■ Task goal: Verbatim transcription with images omitted: return the entries below in full.

■ Dataset content:
==============================

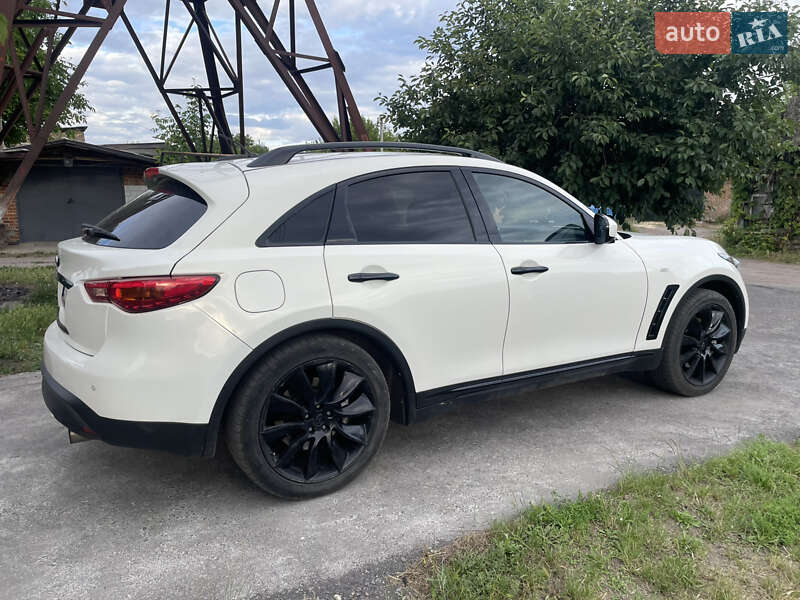 Позашляховик / Кросовер Infiniti FX 30 2012 в Олександрії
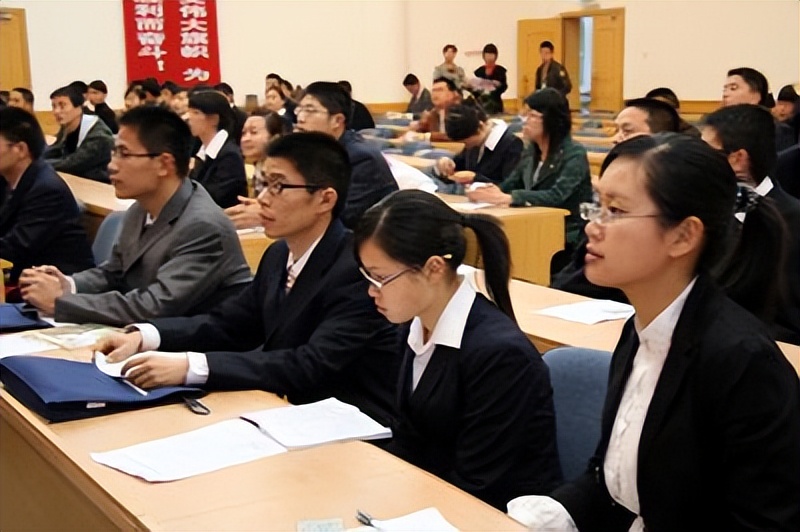 事业编“喜出望外”，这8个岗位有望转成公务员，看下谁在其中？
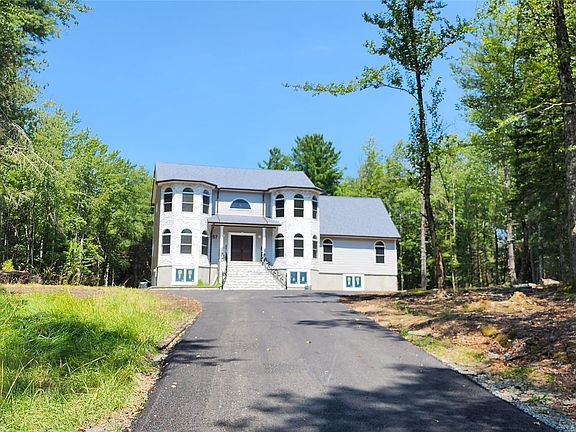 4th image of 57 Haddock Road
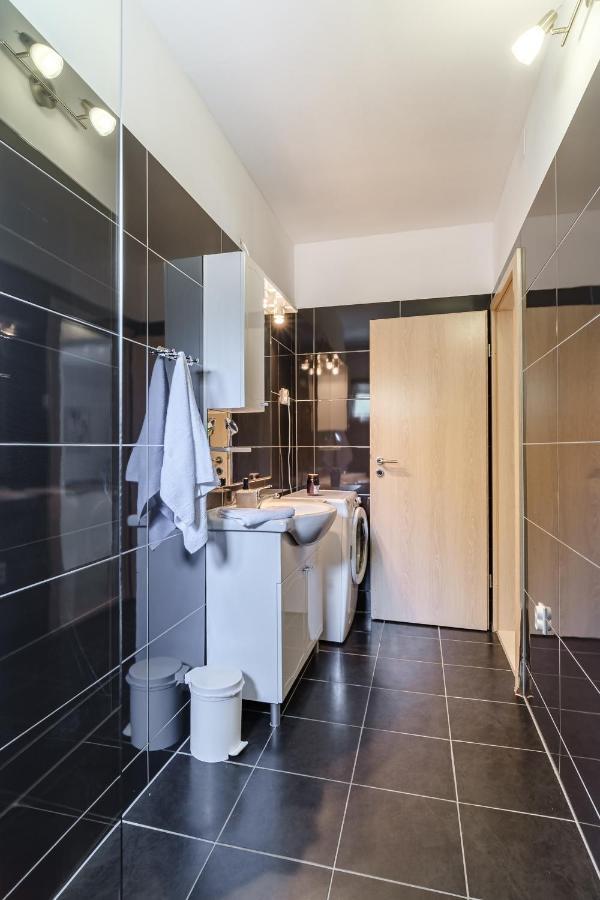 Rooms Plaza Divuje Murvica  Buitenkant foto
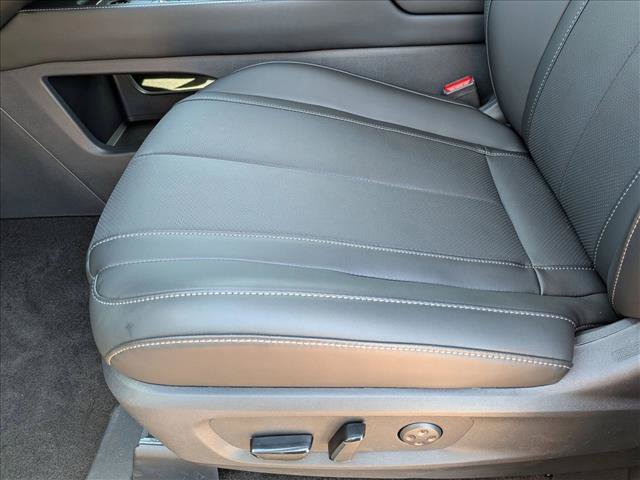 New 2027 INFINITI QX60 Luxe w/ Cargo Package FWD image 4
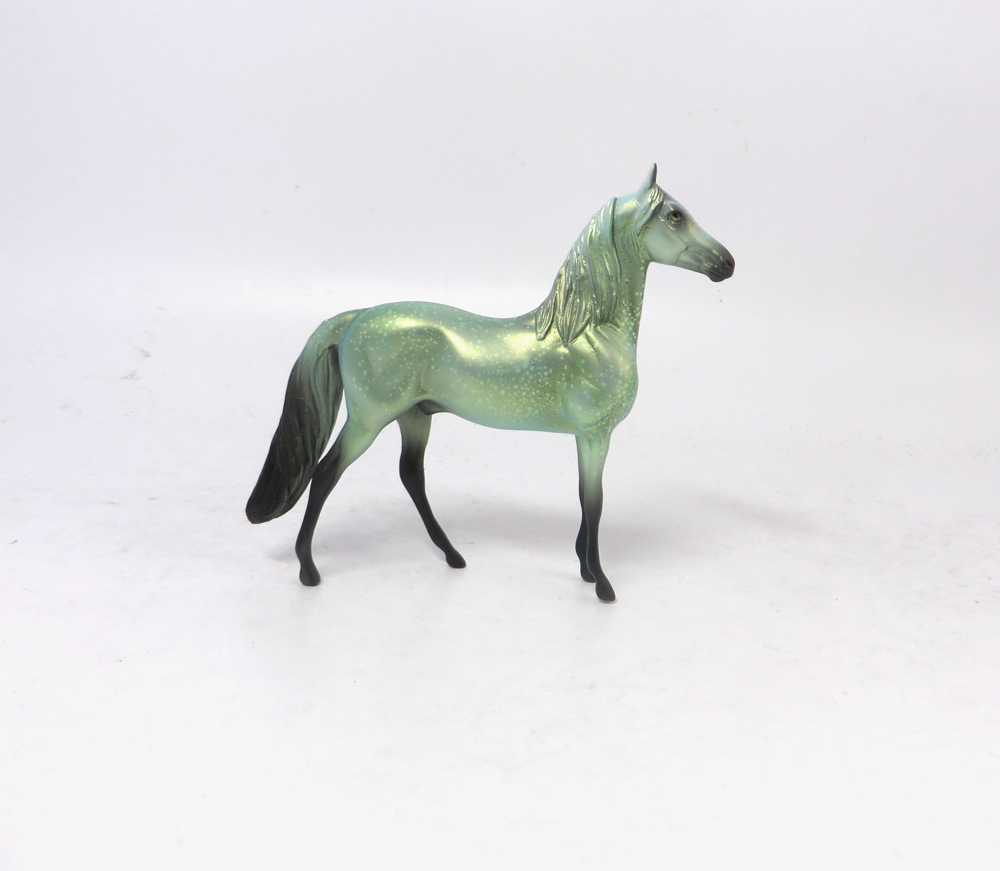 FOUR LEAF CLOVER  -- OOAK MORGAN  CHIP ST. PATRICKS DAY DECORATOR BY MISSY FOX 2-25-19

==============================

■ Solution:
 Позашляховик / Кросовер Infiniti FX 30 2012 в Олександрії
 事业编“喜出望外”，这8个岗位有望转成公务员，看下谁在其中？
 4th image of 57 Haddock Road
 Rooms Plaza Divuje Murvica  Buitenkant foto
 New 2027 INFINITI QX60 Luxe w/ Cargo Package FWD image 4
 FOUR LEAF CLOVER  -- OOAK MORGAN  CHIP ST. PATRICKS DAY DECORATOR BY MISSY FOX 2-25-19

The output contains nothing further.